--- Dataset entries Enclosed Below ---

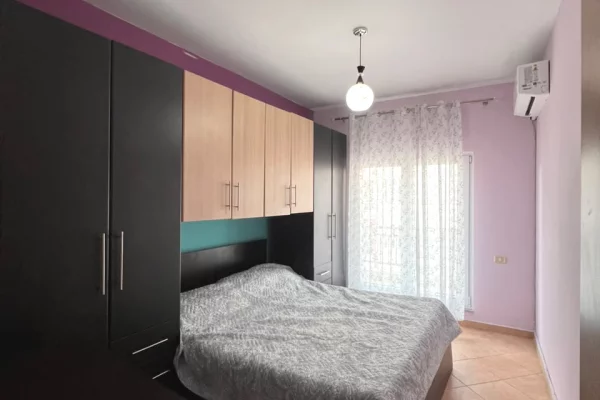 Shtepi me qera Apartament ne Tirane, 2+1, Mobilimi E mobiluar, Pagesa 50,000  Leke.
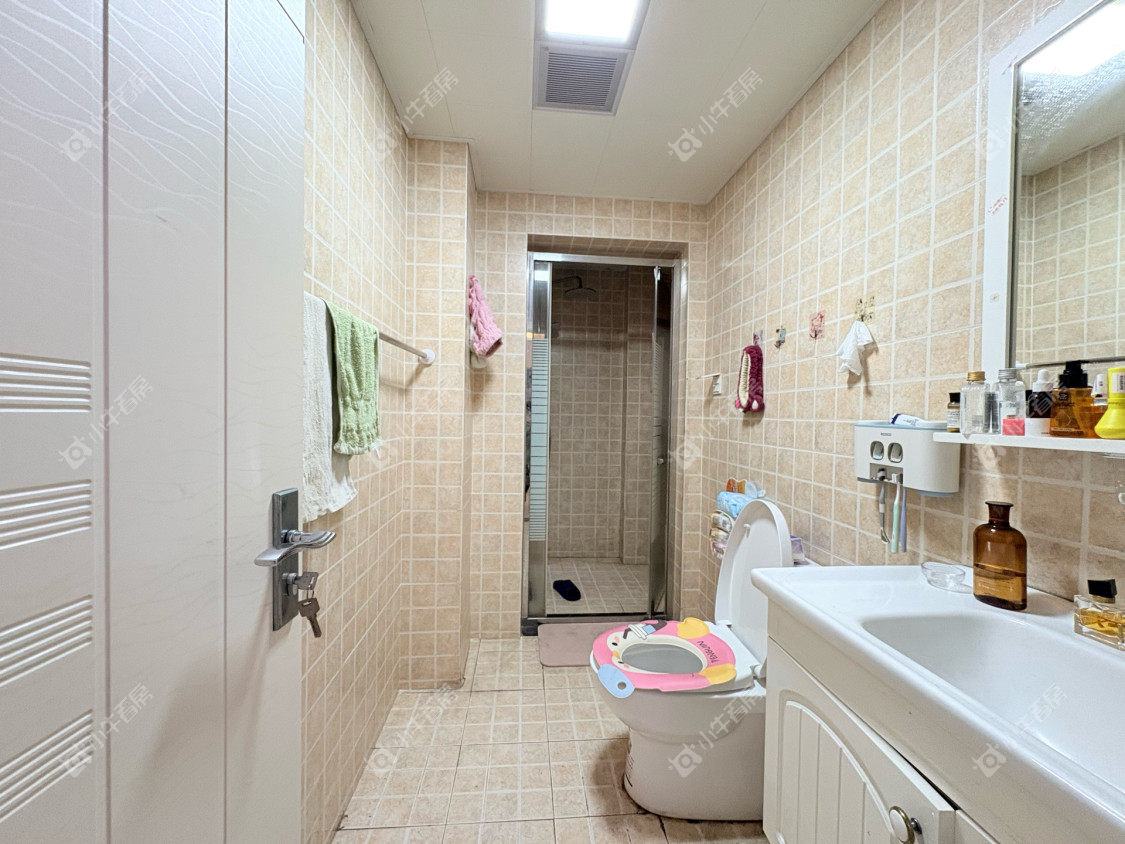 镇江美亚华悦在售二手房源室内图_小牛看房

--- End of Enclosed Dataset entries ---
--- Dataset entries Enclosed Below ---

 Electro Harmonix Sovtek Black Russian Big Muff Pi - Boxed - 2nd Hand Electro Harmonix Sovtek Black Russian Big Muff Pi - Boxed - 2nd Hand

--- End of Enclosed Dataset entries ---
--- Dataset entries Enclosed Below ---

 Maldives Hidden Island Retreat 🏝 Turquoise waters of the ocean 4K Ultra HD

--- End of Enclosed Dataset entries ---

What is required:
Take only the lines above from the one that has "Shtepi me qera" through the one that has "镇江美亚华悦在售二手房源室内图_小牛看房" and reproduce them exactly, omitting any pictures.

Answer section:
 Shtepi me qera Apartament ne Tirane, 2+1, Mobilimi E mobiluar, Pagesa 50,000  Leke.
 镇江美亚华悦在售二手房源室内图_小牛看房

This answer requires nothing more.